Alasan kedua, bisa karena sang pendaki tidak lagi mendaki bersama pemandu hebat yang sangat mengenal medan dan tahu jalan menuju puncak.
Kalau ini maknanya jelas. Bahwa, siapa manajer/pelatih yang memimpin tim United, sangat berpengaruh pada hasil akhir apakah mereka bisa sampai ke puncak atau tidak.
Bila merujuk nama yang sudah-sudah, David Moyes, Louis van Gaal, dan Jose Mourinho gagal. David Moyes memang bagus di Everton, tapi di United dia malah seperti gagap melatih. Van Gaal memang pelatih sarat gelar. Tapi dia tidak punya pengalaman di Premier League.
Bagaimana Mourinho? Kita tahu kualitas Mou. Tapi, dalam beberapa tahun terakhir, Mou mulai kehilangan pamor sering konsistensi Guardiola dan Juergen Klopp. Memang, dia bisa membawa United di peringkat dua di musim 2017/18. Namun, itu tidak cukup menyelamatkan kariernya.
Kini, di era Solskjaer, manajemen United sepertinya mulai bisa bersabar. Meski masih belum terlalu konsisten, tapi United mulai berlari di jalur yang benar. Minimal, mereka berpeluang lolos ke Liga Champions musim depan.
Alasan ketiga, bisa juga karena kondisi sang pendaki yang memang tidak lagi bugar seperti tahun-tahun sebelumnya. Sehingga, 'baterai' staminanya tidak cukup untuk mencapai puncak.
Maksudnya, kondisi tim United dalam beberapa tahun terakhir memang tidak sekeren dulu. Bisa karena pembelian pemain yang antara harga dan kualitas ternyata tidak sesuai. Atau tidak adanya pemain penentu seperti ketika mereka memiliki Robin Van Persie saat juara musim 2012/13 atau Cristiano Ronaldo di masa pertengahan 2000-an.
Harapan di musim depan
Tapi menurut saya, United kini mulai on the track. Musim ini, perekrutan beberapa pemain terbilang sudah tepat. Aaron Wan Bissaka bagus. Harry Maguire juga berkembang. Terlebih Bruno Fernandes yang mampu menjadi ikon baru di lini tengah.
Andai musim depan, United bisa membeli dua atau tiga pemain baru yang tepat untuk memperkuat tim, andai Paul Pogba bisa menjadi dirinya yang sebenarnya, mereka bisa bersaing di papan atas. Menarik menunggu duet Pogba-Fernandes di tengah.Â
Terpenting, manajemen United perlu sedikit bersabar memberikan kesempatan pada Solskjaer. Lha wong Ferguson dulu butuh waktu lima tahun untuk membangun pondasi tim. Dia baru bisa juara Liga Inggris di musim keenam melatih United, tepatnya di musim 1992/93.

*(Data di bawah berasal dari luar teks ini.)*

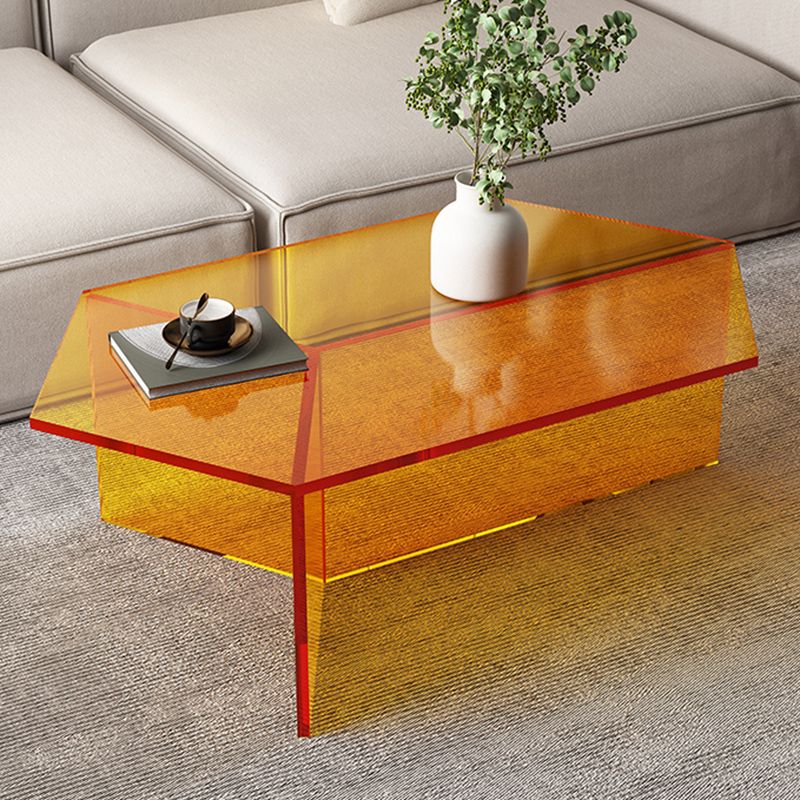 Mesa de centro transparente de acrílico, mesa de cóctel moderna para sala de estar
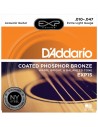 Bronce fosforado revestido D'Addario EXP15, extra ligero, 10-47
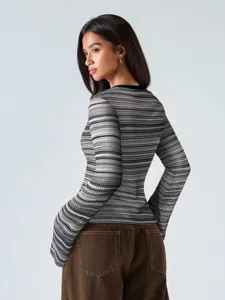 Mujer otoño top de punto rayas manga acampanada corte ajustado jersey chic moda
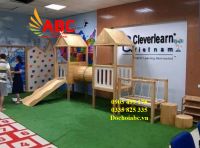 Cầu trượt liên hoàn bằng gỗ cho bé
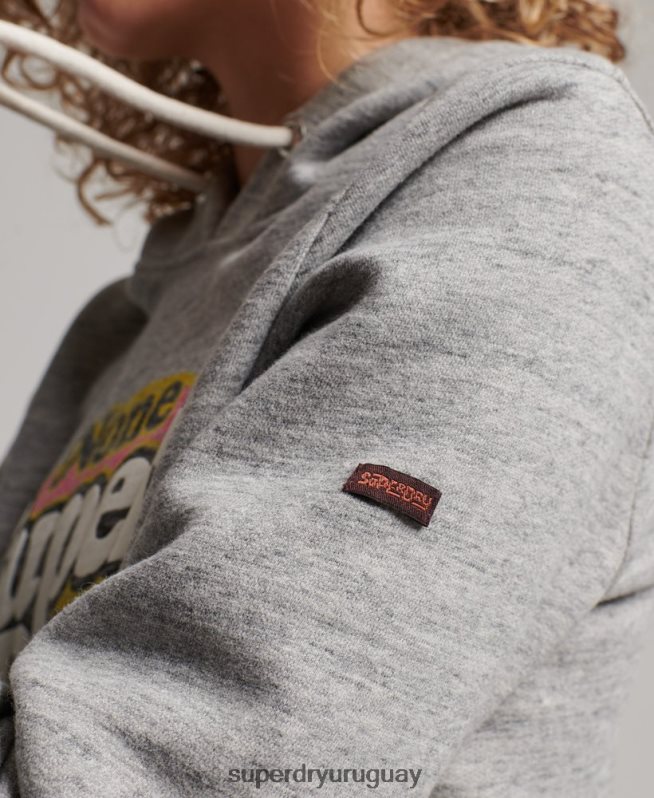 uy Superdry mujer cooper sudadera con capucha clásica gris DT2N8Z2224 ropa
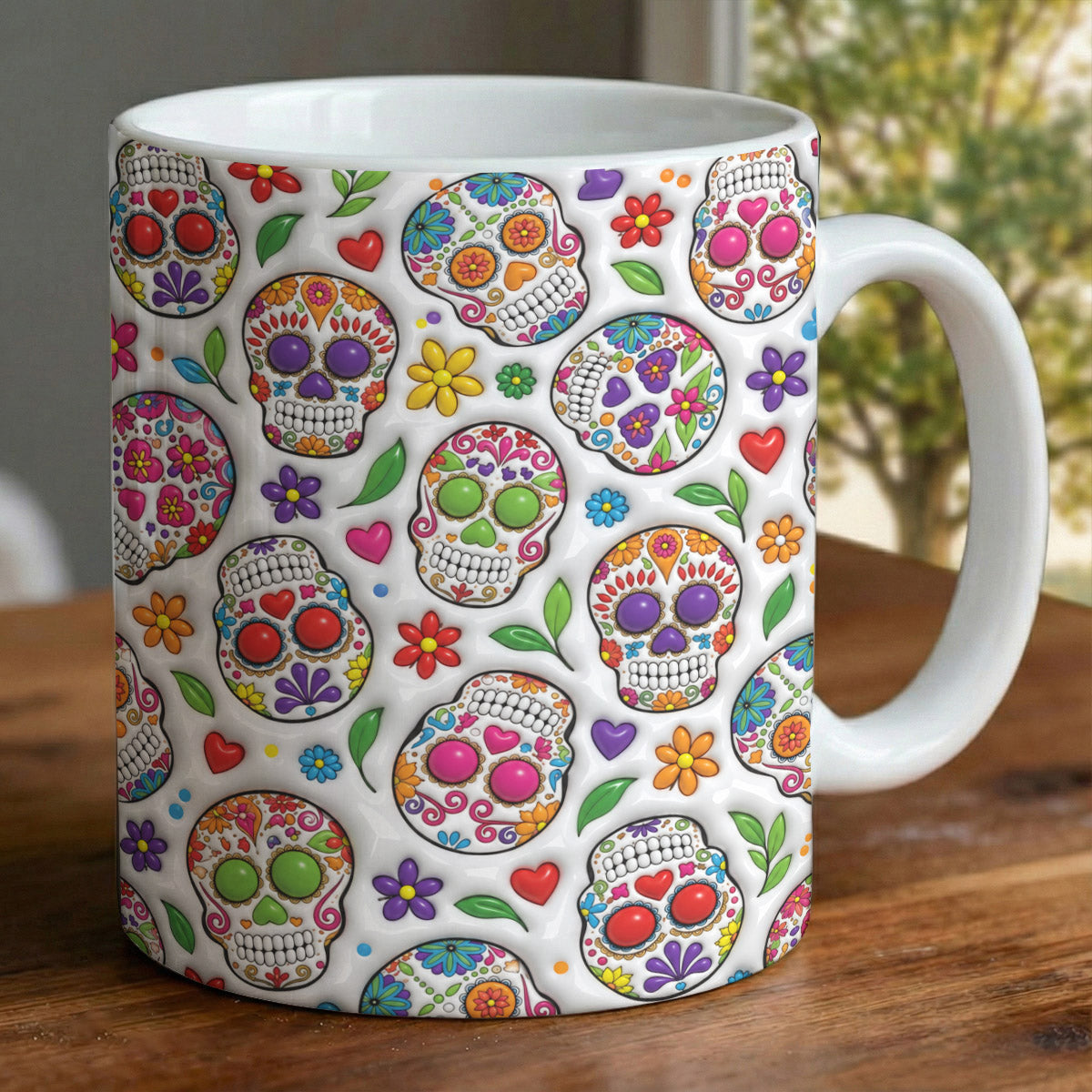 Skull Lover Ceramic Mug Floral Funky Skull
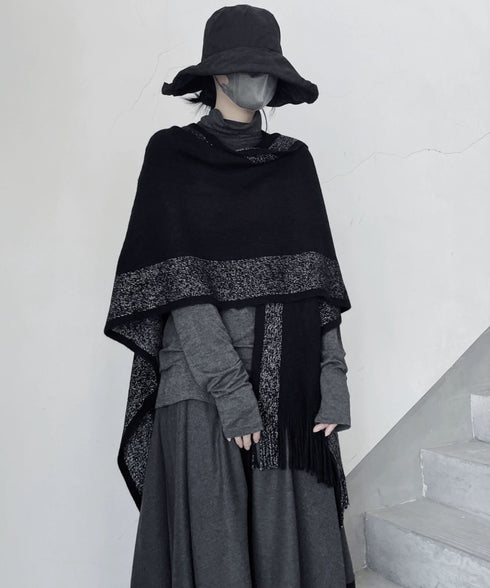 Fringe Edge Knit Cape
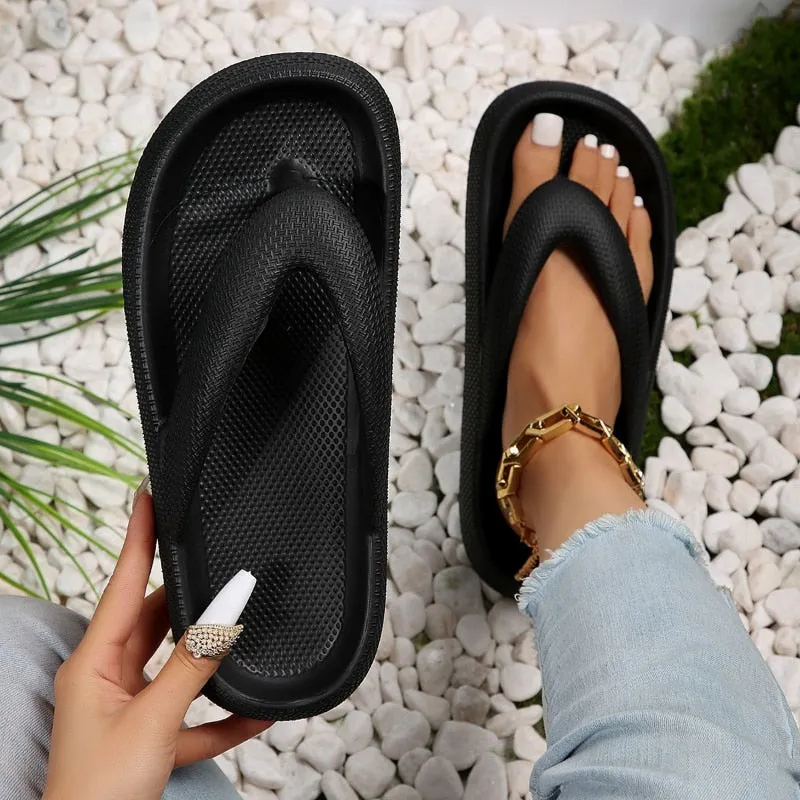 Joskaa  Flip Flops Women Thick Bottom Human Character Drag Summer Home Bath Summer Sandy Shoes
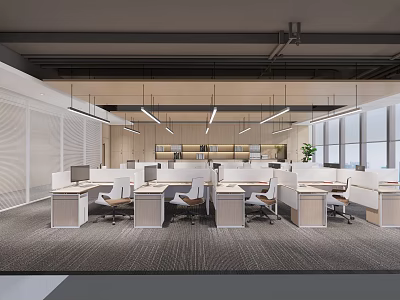 Modern Office Workspace Design With Open Layout Desks Chairs Hanging Lights Windows And Potted Plant 3d model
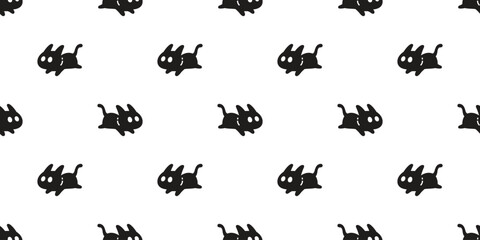 cat seamless pattern running jumping halloween black kitten cartoon neko calico vector pet breed doodle gift wrapping paper tile background repeat wallpaper illustration design isolated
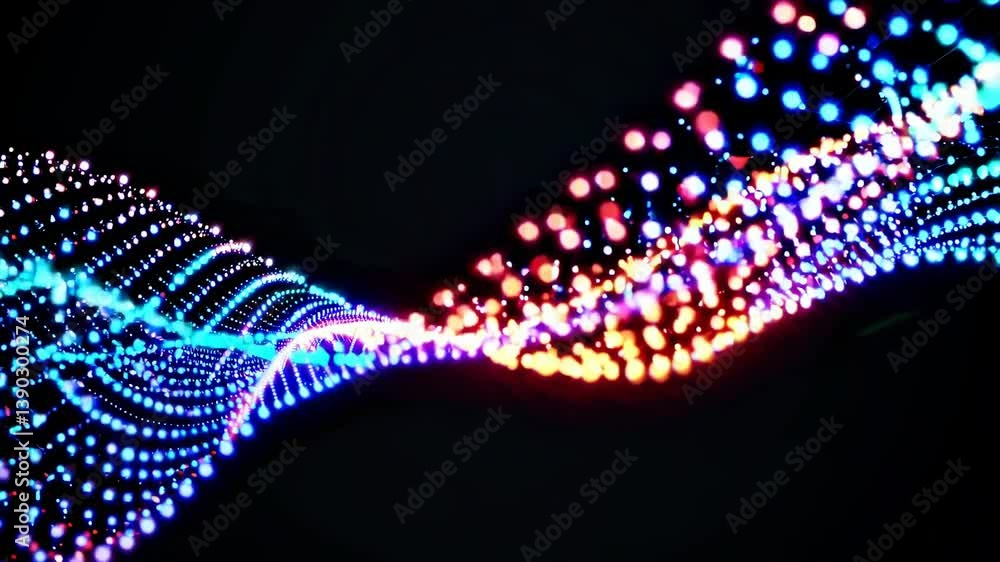Poster abstract colorful particles are flowing and creating a magical and dynamic wave on a black backgroun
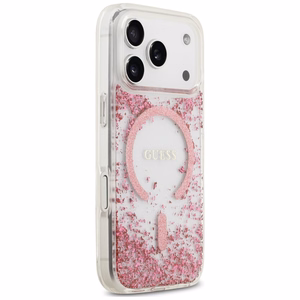 Guess Resin Bottom Glitter MagSafe suojakuori malleille iPhone 18 Pro Max / 17 Pro Max, vaaleanpunainen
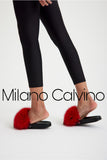 Fur Trimmed Slipper - Red - Milano Calvino image 2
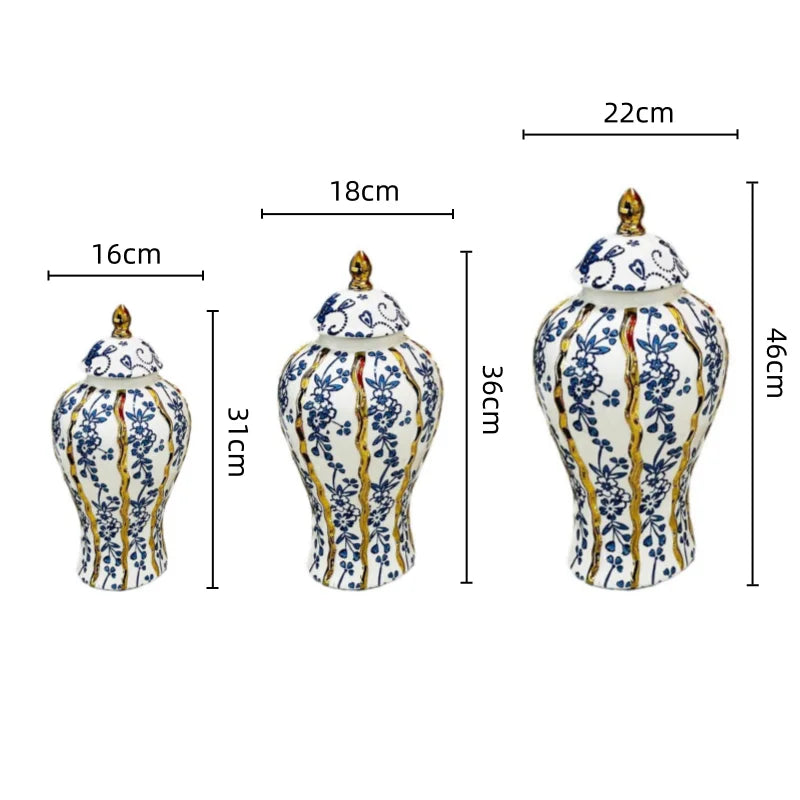 DecorBites™ Blue Glazed Ceramic General Vase Handicrafts Flower Vase Ginger Jar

Pada akhirnya, pendaki gunung yang hebat, yang pernah sampai ke puncak, tidak akan pernah menyerah untuk bisa kembali ke puncak. Meskipun, tantangan medan yang dihadapi kini lebih susah. Tetapi sejatinya, bukan medannya, tapi tekad, mental, dan skill pendakinya yang paling menentukan. Salam.